A ideia era mostrar o poder das relações femininas que, neste caso, também eram relações familiares. Eu acredito muito em ambas as coisas. Na vida pessoal sempre tive muito suporte familiar para superar muitos dos obstáculos enfrentados, e também tive a referência de muitas mulheres destemidas para servir como inspiração. Talvez o ponto de vislumbre de esperança trazido no livre seja demonstrar a força existente nesse tipo de relação.
Em muitas cenas, o café aparece como símbolo de partilha, pausa e até revelação. Você se lembra de algum momento pessoal em que uma conversa simples ao redor de uma xícara também te transformou?
Como boa mineira que sou, a conversa na mesa de café sempre esteve presente na minha vida. O próprio tema do livro veio quando, ao tomar café da tarde com minha mãe e minhas irmãs, pensei: “porque não ter como mote central do livro a história de três irmãs”.

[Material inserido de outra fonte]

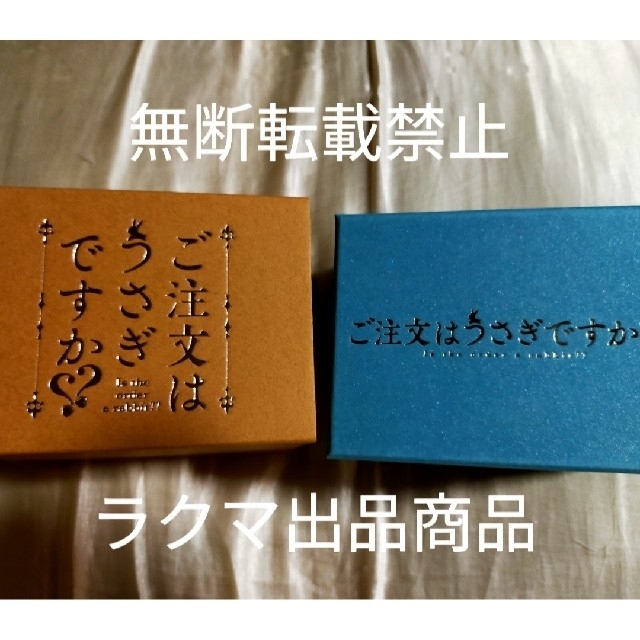 100個限定 ご注文はうさぎですか?ぴょんぴょんキャラうおっち 100個限定 ご注文はうさぎですか?ぴょんぴょんキャラうおっち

Como ex-atleta amadora, você trouxe para a narrativa a vivência do corpo, da disciplina e da frustração no esporte. Quanto da sua própria história existe nas páginas de Embaixo do Aquário?
Trazer o esporte para a narrativa foi uma forma de “dar minha assinatura” ao livro, já que sou corredora e triatleta há 16 anos. As passagens em que cito o treinamento, a disciplina, a ansiedade certamente são passagens em que eu falo com propriedade de quem passou por situações parecidas, ainda que em outra modalidade.
Seu livro toca em temas delicados como abuso, alcoolismo e luto, mas ainda assim oferece esperança. O que você espera que o leitor leve consigo ao fechar o livro?
A ideia sempre foi de que o livro retratasse histórias da vida real e a vida real (de todas as pessoas) é permeada por esses temas difíceis, os quais muitas vezes são tratados como tabus. Na minha construção, busquei trazer esses temas sensíveis de forma leve, para que as pessoas pudessem se identificar, mas ao mesmo tempo entender que os obstáculos não significam ausência de esperança. O objetivo sempre foi mostrar que, embora a vida seja um “conto de fadas”, há caminhos alternativos para escapar à total frustração.